Many people have asked how compression helps. My response so far has been that it improves blood circulation, which oxygenate/deoxygenate muscles, which has performance and recovery benefits… While this might not be untrue, most people don’t seem satisfied with the answer. Why would compression improve blood circulation? Wouldn’t compression make vein walls contract and slow down the blood circulation?

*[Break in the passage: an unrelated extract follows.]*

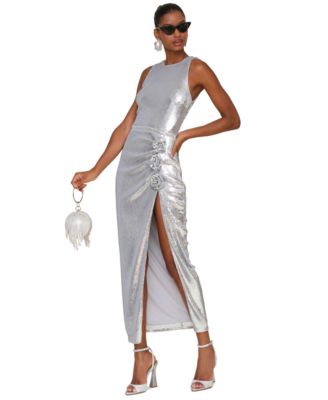 Avec Les Filles - Women's Sequin-Embellished Crewneck Sleeveless Gown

So I turned to Google and started to search for the answer, or authoritative information that is written in layman’s terms. Several searches later, I came across with a couple of resources that helped me understand this better. One is from Fleet Feet Sports’ article titled “Compression: Does it really work?” Here is a direct quote from the article:
Recent studies show that with an optimal level of consistent compression, the walls of the arteries will dilate, increasing the blood flow through them. Arterial blood flow has been shown to increase up to 40% during activity and 30% during recovery. This means more oxygen and nutrients flowing through the body! On the other hand, the walls of the veins will constrict under compression, which helps to increase the velocity of blood flow through them. Increased velocity of blood flow through veins means that deoxygenated blood and lactic acid will get back to the heart quicker, which will help to increase the rate of recovery and decrease muscle soreness!
So arteries dilate, while veins constrict under optimal compression. Aha! Further, this video from Khan Academy about Arteries vs. Veins helped me understand how beneficial it is to increase pressure in the veins because it has high volume of blood in a lower-pressure system. Now, I cannot wait for someone to ask me this question.

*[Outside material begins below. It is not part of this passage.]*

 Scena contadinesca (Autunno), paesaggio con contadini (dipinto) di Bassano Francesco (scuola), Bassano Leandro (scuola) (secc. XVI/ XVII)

By the way, I love CEP Compression shorts and recovery tights. Because they are mass-produced products, it can be difficult to fit them perfectly. I have two different sizes for the compression shorts and wear them differently; ie. bigger size when I run a marathon and smaller size when I run shorter distances. I only have CEP recovery tights in one size, and they are super tight that it takes several minutes to put them on. The fabric feels strong, and they compress my legs really tight: Almost to a point where I feel my range of motion is compromised. On the other hand, Skin RY400 recovery tights are much easier to put on and move around in them. The fabric is softer and I don’t feel the squeeze very much. Because CEP recovery tights have much stronger compression, I feel I get most out of CEP tights but I have not done any meaningful comparison between the two. I tend to use CEP tights after marathons, and Skin after less demanding workout. They are both pricey but it does work for me. Do you wear any compression gears? What are your preferred brand and why?